29 January, 2013

55 Fiction.

The way he laughed at my failure made me feel like a loser. "I would have killed myself if I had failed at that", he had said. It made my heart wrench. I had always thought of him as a well-wisher who loved me without boundaries. I had always felt that he accepted me with my strengths and weaknesses, but now I was seeing a new side to him, which he had so expertly camouflaged all along. A tear dropped onto my hand. I felt a hand on my shoulder.

I didn't know whether to cry about being misunderstood by someone very important to me, or smile about having my best(est) friend with me to squeeze my hand and tell me he understands.




26 January, 2013

55 Fiction.

I couldn't meet their eyes. I felt like a pest among the flowers. I wasn't needed here anymore. I was not worth it. I brought nothing but embarrassment to my loved ones. I couldn't make my life better and I was feeling like an outcast among my friends. I was always sure that a turning point would come sometime in my life, but now I was no longer sure.

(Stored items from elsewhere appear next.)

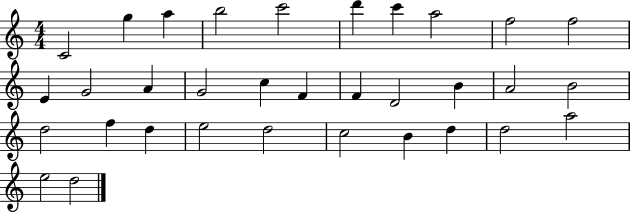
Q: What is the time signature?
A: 4/4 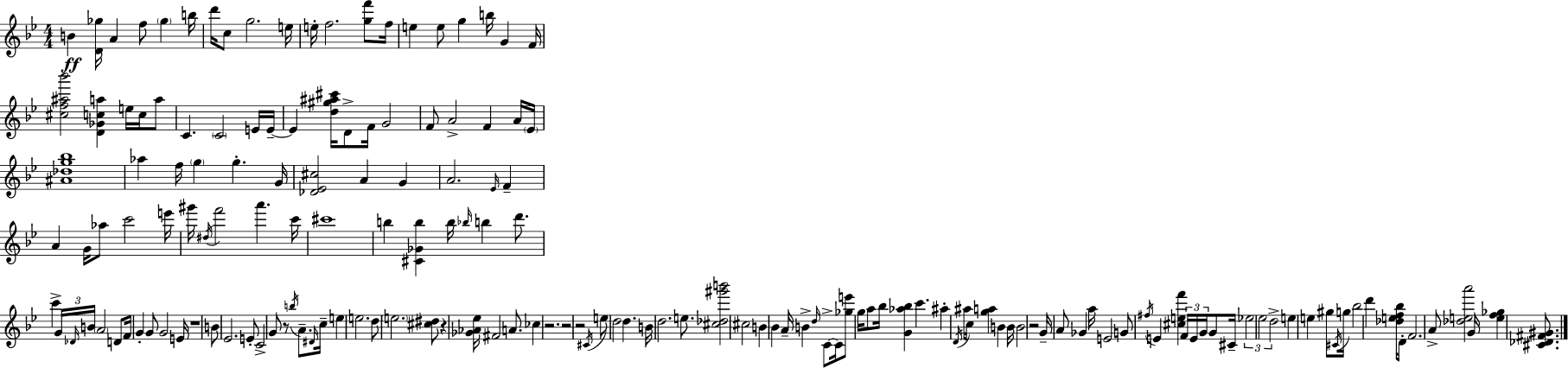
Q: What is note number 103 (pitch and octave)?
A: G5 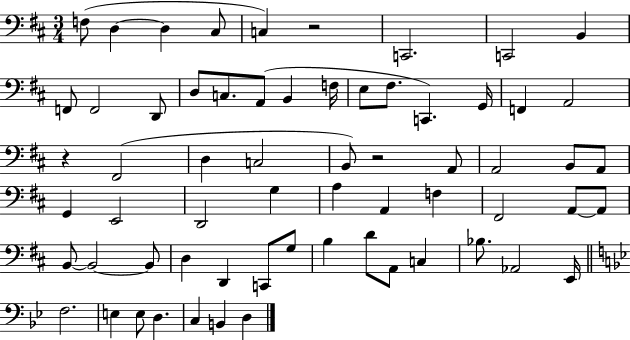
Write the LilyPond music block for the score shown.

{
  \clef bass
  \numericTimeSignature
  \time 3/4
  \key d \major
  f8( d4~~ d4 cis8 | c4) r2 | c,2. | c,2 b,4 | \break f,8 f,2 d,8 | d8 c8. a,8( b,4 f16 | e8 fis8. c,4.) g,16 | f,4 a,2 | \break r4 fis,2( | d4 c2 | b,8) r2 a,8 | a,2 b,8 a,8 | \break g,4 e,2 | d,2 g4 | a4 a,4 f4 | fis,2 a,8~~ a,8 | \break b,8~~ b,2~~ b,8 | d4 d,4 c,8 g8 | b4 d'8 a,8 c4 | bes8. aes,2 e,16 | \break \bar "||" \break \key g \minor f2. | e4 e8 d4. | c4 b,4 d4 | \bar "|."
} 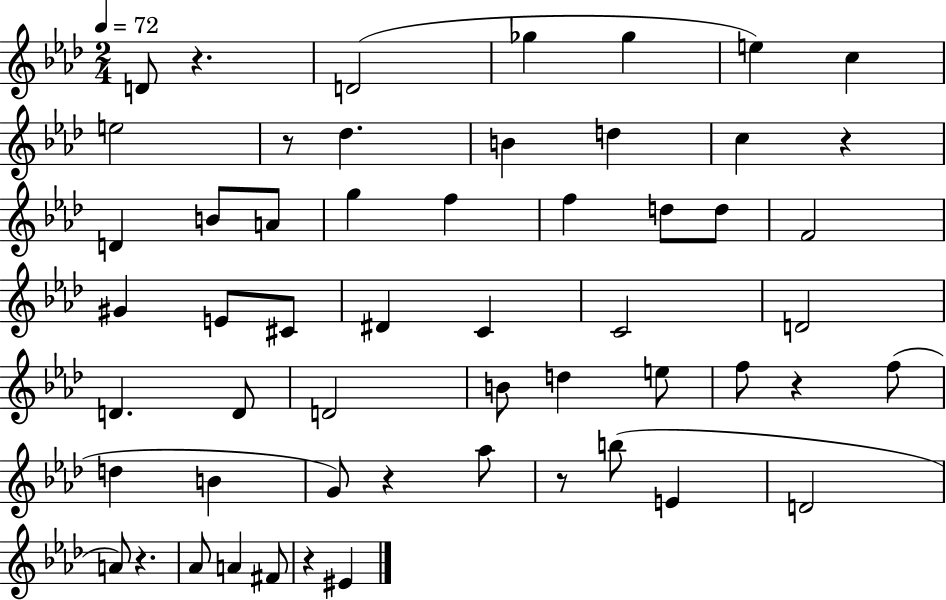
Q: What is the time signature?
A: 2/4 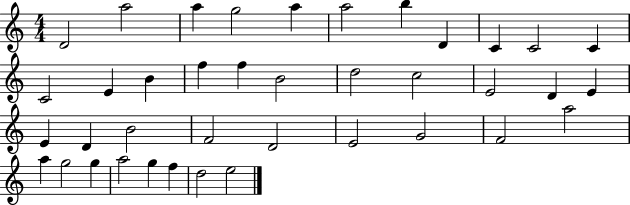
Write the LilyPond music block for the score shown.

Maybe I was born to be a failure.



P.S: I had a surgery, I failed in things that I shouldn't have failed in and I have exams going on at the moment. I don't know if you'll be seeing much of me around, but yeah, I miss you guys. 



12 January, 2013

A New Hobby! :D

 I've become obsessed with making collages. I just can't stop! I think about them when I'm in the shower, during breakfast and whatever time I'm not reading. :D

So I thought I'd put up a few I made up here.. Let me know what you think!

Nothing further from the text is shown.